Background.

- ‘Shake me up, somebody, if you’ll be so good‘ is a quotation from Bleak House (Chapter 33).
- Bleak House was the ninth novel by Charles Dickens, intended to illustrate the evils caused by long, drawn-out legal cases in the Court of Chancery. Serialised between 1852 – 1853, the story unravels through the use of double narration, in part from the perspective of a third-person narrator and in part from the first-person point of view of the main protagonist, Esther Summerson.
Context.
This quotation is said by Joshua Smallweed, otherwise known as Grandfather Smallweed. Smallweed is paralysed and confined to a chair that must be carried about when he needs to leave his house. His disability affects his bones to which he has a constant need to ask for help in shaking him up, a reference to needing to be pulled up whilst in his chair so that he can sit up straight. Smallweed has a rude and cantankerous manner, which he passes on to those around him.

Source.
Taken from the following passage in Chapter 33 (Interlopers) of Bleak House:
Mrs. Smallweed instantly begins to shake her head and pipe up, “Seventy-six pound seven and sevenpence! Seventy-six thousand bags of money! Seventy-six hundred thousand million of parcels of bank-notes!”

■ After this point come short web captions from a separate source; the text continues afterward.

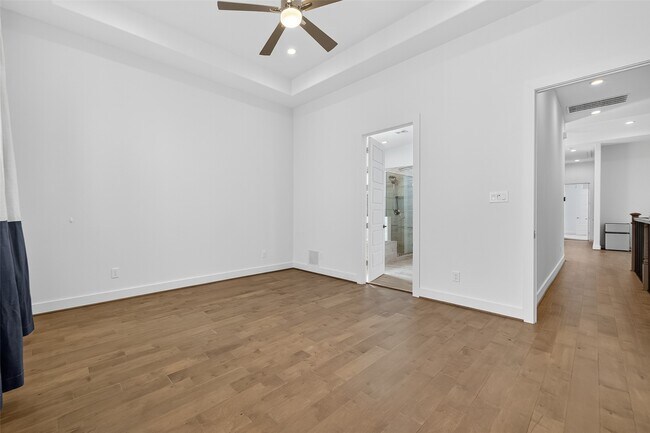 Building Photo - 4402 Schuler St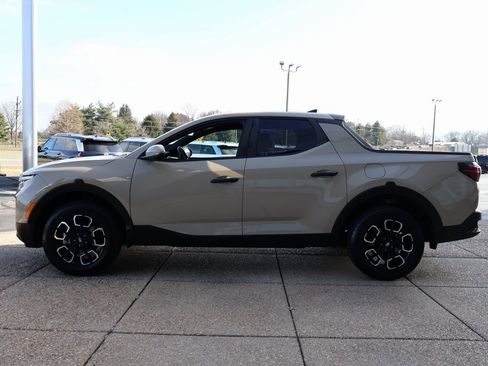 Used 2023 Hyundai Santa Cruz SEL image 3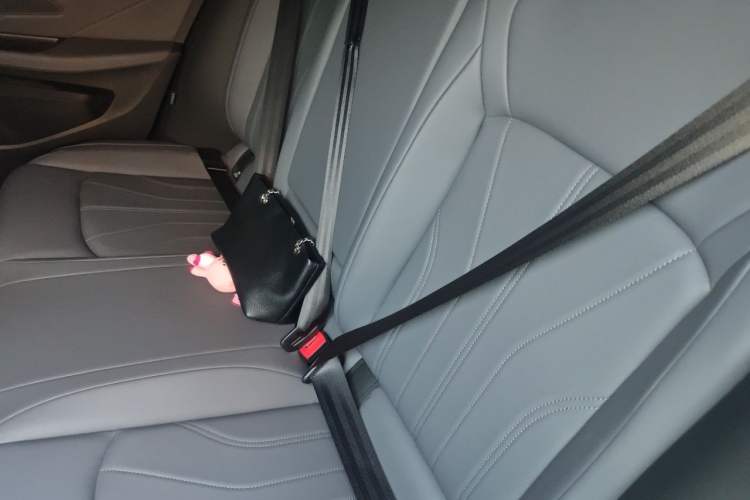 Used Volkswagen Lamando 2026 Lavida L GTS 380TSI Lingfeng Edition Left Rear Seat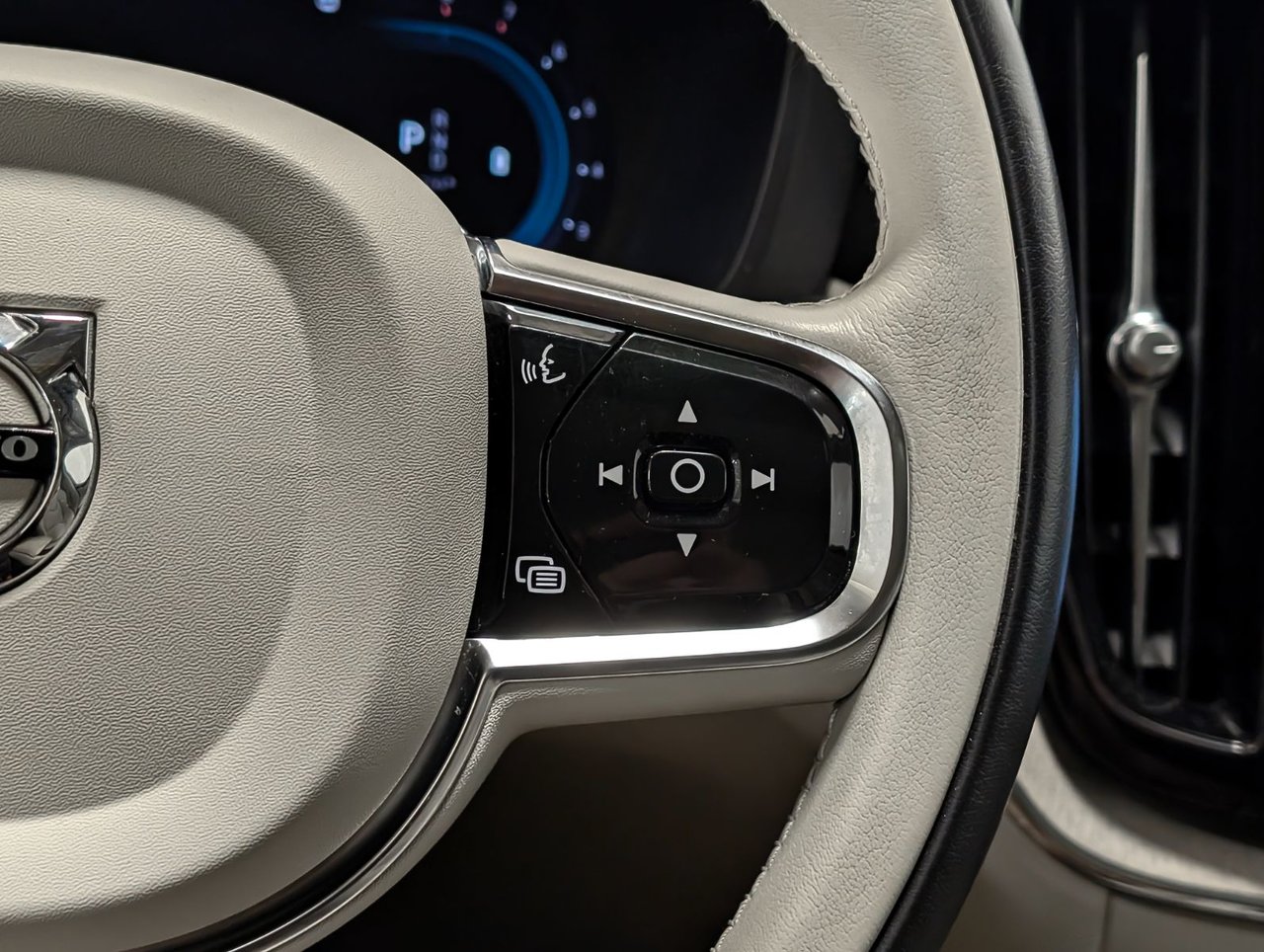 Image 21 Volvo XC60 Plus Dark B6 2023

“Will somebody give me a quart pot?” exclaims her exasperated husband, looking helplessly about him and finding no missile within his reach. “Will somebody obleege me with a spittoon? Will somebody hand me anything hard and bruising to pelt at her? You hag, you cat, you dog, you brimstone barker!” Here Mr. Smallweed, wrought up to the highest pitch by his own eloquence, actually throws Judy at her grandmother in default of anything else, by butting that young virgin at the old lady with such force as he can muster and then dropping into his chair in a heap.
“Shake me up, somebody, if you’ll be so good,” says the voice from within the faintly struggling bundle into which he has collapsed. “I have come to look after the property. Shake me up, and call in the police on duty at the next house to be explained to about the property. My solicitor will be here presently to protect the property. Transportation or the gallows for anybody who shall touch the property!” As his dutiful grandchildren set him up, panting, and putting him through the usual restorative process of shaking and punching, he still repeats like an echo, “The—the property! The property! Property!”
Mr. Weevle and Mr. Guppy look at each other, the former as having relinquished the whole affair, the latter with a discomfited countenance as having entertained some lingering expectations yet. But there is nothing to be done in opposition to the Smallweed interest. Mr. Tulkinghorn’s clerk comes down from his official pew in the chambers to mention to the police that Mr. Tulkinghorn is answerable for its being all correct about the next of kin and that the papers and effects will be formally taken possession of in due time and course. Mr. Smallweed is at once permitted so far to assert his supremacy as to be carried on a visit of sentiment into the next house and upstairs into Miss Flite’s deserted room, where he looks like a hideous bird of prey newly added to her aviary.
Characters.
Joshua Smallweed (Grandfather Smallweed).
Joshua Smallweed is an elderly miser, the husband of Mrs. Smallweed, and the grandfather of Bart Smallweed and Judy Smallweed. He is an invalid and is carried everywhere in a chair from his living room. He comes from a long line of men who worked as moneylenders and accountants and who were obsessed with wealth. Mr. Smallweed is a cruel elderly man, passing his hatred of the world onto others around such as the tormenting of his wife and manipulation of people for his own financial gain. Smallweed gloats over his successful exploitation of other people, which is usually be his excessive interest charges on loans dealt during some dubious business practices.
- In the 2005 BBC television adaptation of Bleak House, Joshua Smallweed was played by English actor Phil Davis.